Смерть не волновала Ванессу. Ей нечего терять, не за что цепляться. На ней не держится семья, да и своей собственной она так и не обзавелась. У неё нет детей. Отец смирился с её существованием, как смиряются с неизбежным злом. Для него она — неудача, для других — старая дева. Родители ещё лелеют надежды выдать её замуж, и, может, им это удастся — приданое велико, а благородных, но бедных хлыщей в обществе хватает с избытком. Но Ванессе такая жизнь была не по душе. Она с радостью обменяла бы её на жизнь Элиота и Эрнеста… вот только не с кем торговаться.
Харука наклонилась ниже и поцеловала её — быстро, коротко, но крепко. Ванесса рывком оттолкнула её от себя и села. Щёки пылали, и гнев разгорался в груди подобно горнилу.
— Вы что себе позволяете!
— Вы закрытая шкатулка, Ванесса, — ответила Харука. — И я хочу открыть вас.
Она помедлила, а потом приблизилась вновь. Ванесса с трудом подавила в себе желание отшатнуться.
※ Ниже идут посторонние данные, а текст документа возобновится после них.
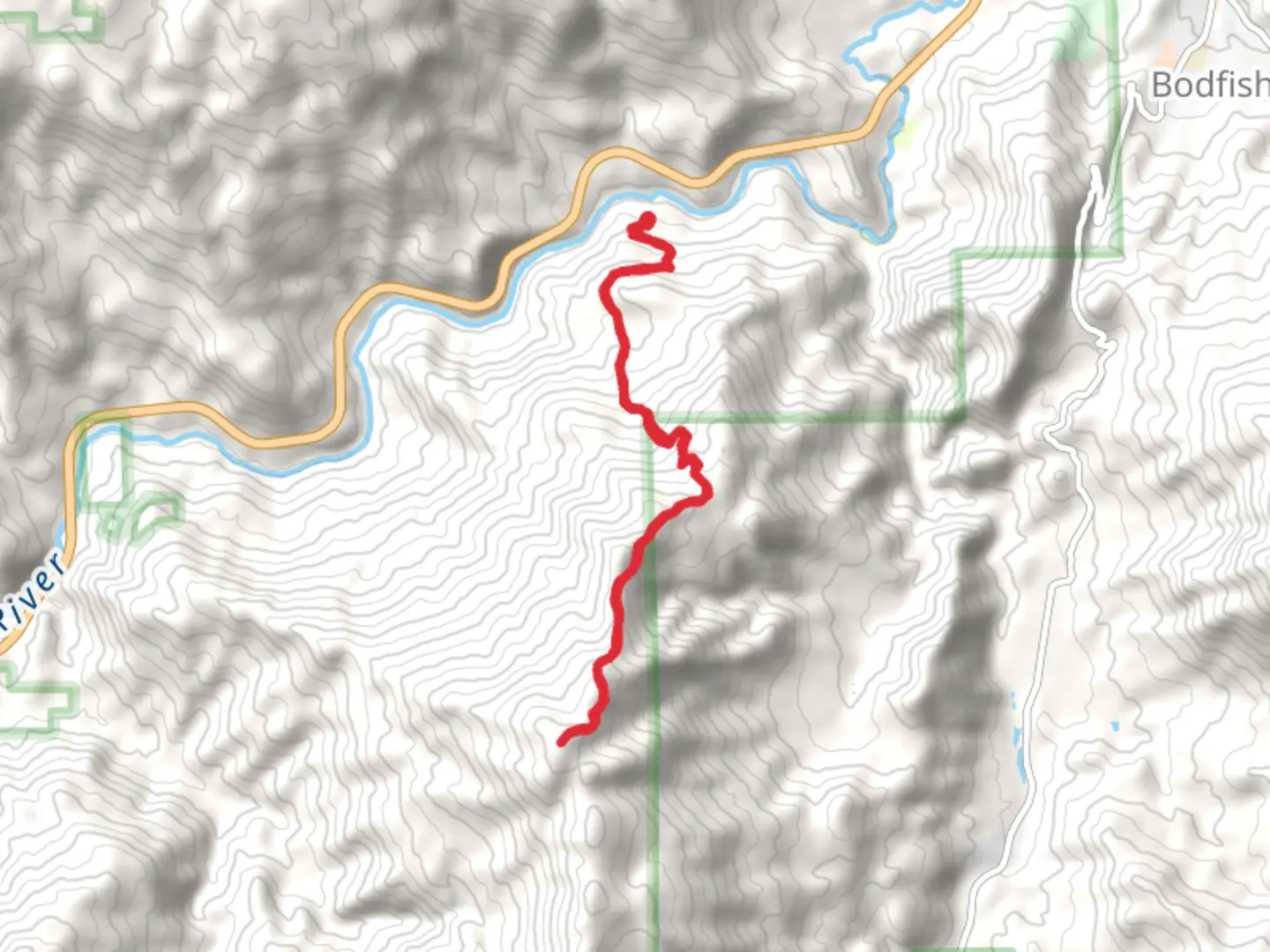 An image depicting the trail Lightner Peak from Kern Canyon Road and its surrounding area.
Харука дотронулась до её лица кончиками пальцев, скользнула вниз по скуле к подбородку, а потом снова поцеловала. Она улыбалась, и сквозь поцелуй Ванесса чувствовала эту улыбку.
Под давлением Харуки она вновь легла на одуванчики. Поцелуй был сухим, безвкусным и не вызвал ничего, кроме замешательства. Ванессе всегда казался странным этот дикий любовный ритуал — соприкосновение губами.
Рука Харуки легла на грудь, и сквозь тонкую ткань блузы чувствовалось, сколь горяча её ладонь. От поцелуев в шею было щекотно. Ванесса смотрела в пронзительно-голубое небо с пятнами облаков и ощущала себя деревянной куклой, способной только шевелиться, но не осязать.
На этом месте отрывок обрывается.